In the currency markets, the yen rose 0.7% to 127.95 per dollar, unwinding some of its drop the previous day when, to the surprise of markets, the Bank of Japan (BoJ) stuck firmly to its approach of ultra-low interest rates.
The BoJ has pursued super-easy policy settings for decades in an attempt to generate inflation and growth, but there are doubts it can keep that up, and traders have been selling Japanese government bonds and buying yen to bet on a shift.
“There’s an intense amount of speculation in the market that now that the January (BoJ) meeting has happened without any changes ... that we’ll see something in March,” said Shafali Sachdev, head of FX, fixed income and commodities in Asia at BNP Paribas Wealth Management in Singapore.
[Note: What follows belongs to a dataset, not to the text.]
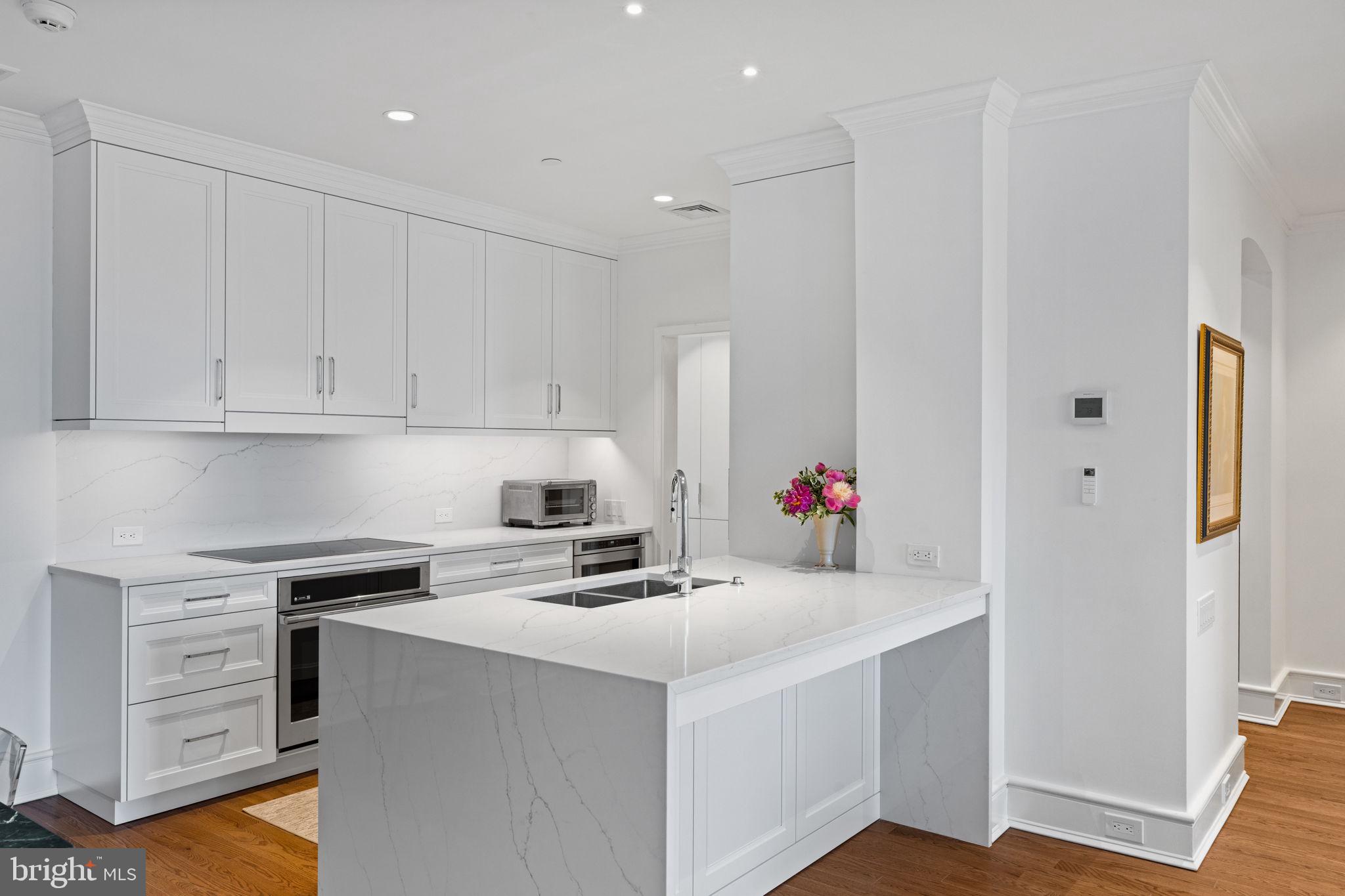 1901 WALNUT STREET 20E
April was another possibility, she added, since by then the BoJ would have a new governor. “My guess would be that more speculators would look to build positions going into these meetings.”
Speculators did, however, give some respite to the BoJ in the bond market. After four days of huge BOJ spending to reel 10-year yields back inside the target band of 0.5% either side of zero, the yield held at 0.41% on Thursday.
In Europe, there was plenty going on too. European Central Bank president Christine Lagarde pushed up euro zone bond yields slightly by telling the World Economic Forum’s Davos gathering that the bank would stay the course with rate hikes.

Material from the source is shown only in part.